The church, built in 1964, is woven into the history of the township that was the epicenter of the uprising against apartheid and its congregants gathered here and in thousands of churches nationwide as foreign dignitaries arrived to honor the man who led the fight for democracy and an end to white rule. A public memorial service is planned at a soccer stadium Tuesday, and an invite-only funeral will be held Sunday in his hometown.
Regina Mundi was the church that offered anti-apartheid activists shelter from police bullets and tear gas during the now famous 1976 uprising in which thousands of students protested and more than 100 died.
So it was fitting as well that Doris Malinga sat on the wooden pews Sunday in the church that has been at the center of the pivotal moments of her life.
It was in the brick building with stain glassed windows and marble altar where she sought refuge from the police in 1976. It was in the church’s courtyard where, she says, supporters of the minority white rule killed her 20-year-old son 17 years later.
And it was in those very pews where she sat the following year and began to let go of her anger against white oppressors. That was when she heard Mandela’s call for peace, forgiveness and reconciliation after he himself was released from 27 years in prison for trying to overthrow the government.
As she heard the priest praise Mandela’s virtue and call on the congregation to follow the late president’s example, Malinga is flooded with memories.
“I feel choked up,” she says in her native Zulu, holding her hand against her chest. Malinga is 70 and the travails of her life are etched in deep lines on her face. But she is fiercely proud of her family’s activism.
She’s dressed head-to-toe in yellow, green and black, the colors of the African National Congress, the governing political party that Mandela headed and which is known for its push to dismantle apartheid.
Malinga says she has been a committed member of the ANC since her older sister, who raised her after their mother died, introduced her to the party. At church, she wears an ANC flag wrapped around her neck like a scarf.
“I won’t wear black,” she says. “I must say farewell to him because he was the ANC.
“He is at peace,” she says of Mandela. “And we must remember him.”
President Jacob Zuma had called on all South Africans to visit churches, synagogues or any house of worship on Sunday to reflect on Mandela’s legacy.
The government said Sunday that 53 heads of state and government had confirmed that they would be attending a national memorial service and state funeral for the country’s first black and democratically elected president. President Obama will be among them, and so will Prince Charles of England.

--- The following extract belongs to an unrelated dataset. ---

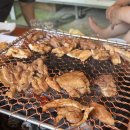 팽나무 민박 이미지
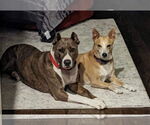 Small #16 American Pit Bull Terrier Mix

Sitting in Regina Mundi after the service, Tozi Mthokazisi, 36, Lucky Cecilia, 49, and Patience Polite, 44, marvel at how much their country has changed since apartheid was dismantled and Mandela became president in 1994.
“He was a hero,” says Cecilia. She says blacks could not walk about freely or visit friends in other places because the government kept track of their every move. They didn’t have electricity or plumbing.

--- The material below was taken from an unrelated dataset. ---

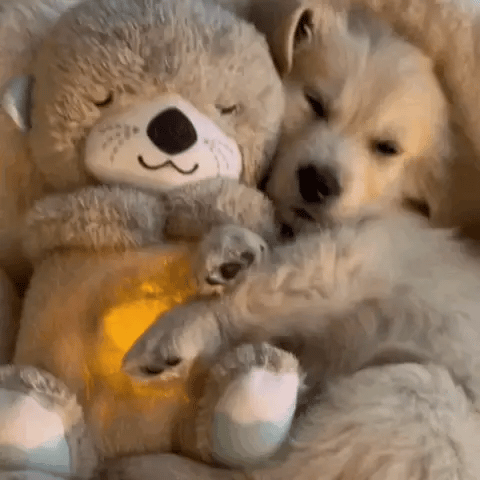 Charly | Soothing Plush Toy with Gentle Light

“Everything in Soweto is so different for us now,” says Polite.
The trio, all mothers, say the ability to finish high school and go to college is the single biggest change that has been afforded blacks since the end of apartheid.
“Before black people could only be teachers, police or nurses or be domestic workers,” Polite says. Today, she says, more people can go to college with scholarships and choose their own career path.
The ladies, however, say the country’s leaders have not fulfilled the promise laid out by Mandela’s victories. They say corruption is rampant and the gap between the very rich and the very poor grows wider.
Mthokazisi says she was too young to remember the daily struggles and humiliation of blacks during apartheid. But, she says, her country — and the world — will never see another leader like Mandela.
“He was chosen,” she says. “It was his actions and behavior. It was the way he approached people. Mandela was the father to us all.”